Children's salt intake, high blood pressure a worry
ONE IN 10 Irish school children have high blood pressure and over half add salt to their food most days or every day, according to very early findings from the Cork Children’s Lifestyle Study.
“If this is the case when we look at the full sample of 1,000 children in the study, it will have significant implications down the road for the children themselves and for our future health system, as high blood pressure is a significant risk factor for cardiovascular disease,” said Dr Janas Harrington from the Department of Epidemiology and Public Health, UCC who is leading the study with department head, Prof Ivan Perry.
The study, which is being funded by the National Children’s Research Centre in Crumlin, is investigating the wellbeing, diet and exercise levels of Cork children.

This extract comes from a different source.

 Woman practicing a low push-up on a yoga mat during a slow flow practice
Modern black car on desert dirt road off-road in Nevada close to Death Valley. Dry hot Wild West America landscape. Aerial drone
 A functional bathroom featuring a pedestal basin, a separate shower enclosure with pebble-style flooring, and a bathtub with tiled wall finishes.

To date, 140 children from third and fourth classes in primary schools in Cork city and county have been surveyed. The next phase of the study starts this month.
Dr Harrington said that although it was too early to draw conclusions at this stage, there were some indications of patterns in the data.

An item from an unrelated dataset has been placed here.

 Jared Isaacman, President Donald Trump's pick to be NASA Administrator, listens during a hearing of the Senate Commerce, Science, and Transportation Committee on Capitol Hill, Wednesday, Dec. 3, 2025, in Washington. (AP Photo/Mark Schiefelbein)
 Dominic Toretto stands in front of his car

One in 10 children who took part in the study was considered to have high blood pressure, based on an interpretation of British Hypertension Society guidelines. Twice as many overweight/ obese children had high blood pressure compared with children of a normal weight.
“At the moment, we don’t really have any information on levels of blood pressure in children in Ireland. Internationally it has been shown that some children as young as nine have high blood pressure. Quite a high number of the children we studied reported adding salt to their food, which already contains a lot of hidden salt today.”
The children’s physical activity is monitored over seven days using a wrist-worn odometer; their height, weight and blood pressure are also measured. This is the first time such a study has been done on this scale in Ireland and it should provide a better understanding of the dietary and activity habits of Irish nine-year-old children, according to Dr Harrington.